Del resto, il suo ricorso alle immagini di Michelangelo, è abbastanza frequente. Egli ha letto anche il saggio di Thomas Mann sull’Eros di Michelangelo: la malinconia di Michelangelo è quella d’un vecchio che guar­da il sole al tramonto, mentre i giovani dormo­no ignari. Ma a un Prigione di Michelangelo egli ricorre per L’oro del tempo, un’opera pro­fusa di raggi dorati. Il quadro rappresenta la vasta sala dell’Ospedale degli Innocenti, dove sarà fatta la sua mostra. Pini sta dipingendo e, dietro di lui, Roberta lo sta guardando col sen­timento di chi intende difendere ogni momen­to della sua fatica creativa. È difficile tuttavia descrivere nel dettaglio le opere che Giuliano Pini ci pone davanti. Ho chiamato l’insieme di queste sue opere un’ “impresa”. E tale è davvero, ma ciò che ne esalta il pregio è la qualità, sempre adeguata al tema e all’idea. I motivi che lo guidano rifug­gono da ogni effetto che sia privo di rilievo o di carattere. Infatti, sia nei quadri legati all’im­mediatezza della cronaca che in quelli preoc­cupati della storia, egli è sempre alla ricerca di un rilievo significante, che dia una convinta giustificazione alle sue immagini. Ecco perché, in ogni caso, si muove con un’ampiezza sicu­ra, capace di fornire alla fantasia l’approccio liberatorio. Immaginoso e immaginario sono i termini delle sue apparizioni figurative. Egli va dritto allo scopo senza esitazioni e dubbi, come se, in ogni caso, avesse un criterio indu­bitabile di scelta.

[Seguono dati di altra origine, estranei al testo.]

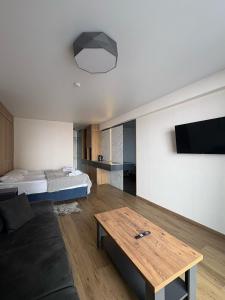 Katil atau katil-katil dalam bilik di Go-Gudauri The Atrium Residence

Sono queste le garanzie della sua tempra: il suo respiro, le doti della sua natura. Pini dimo­stra la validità del suo impegno di pittore senza incertezze, senza esitazioni di sorta. È un pittore dalla testa ai piedi, tutto quello che fa lo dimostra: l’intuito del colore, la finezza del disegno, la maniera di concepire gli spazi, la concentrazione che gli consente di stringere in pugno i particolari di un’immagine. Sono queste le doti che gli permettono di prendere il largo e di essere quel pittore che è.

E l’amico Melotti, in tale impresa, lo ha confor­tato e sostenuto.

La mostra fiorentina, senza dubbio, confer­merà questi valori. Il suo linguaggio è contro ogni genere di ermetismo, ma non è contro alla complessità di un discorso ricco di emble­mi da interpretare e di simboli da rilevare. Sono questi simboli ed emblemi che occorre leggere e scoprire, conservando sempre una base fondamentale nella natura. Ci si ricordi di Montaigne, che diceva: “La natura non è altro che una poesia enigmatica”.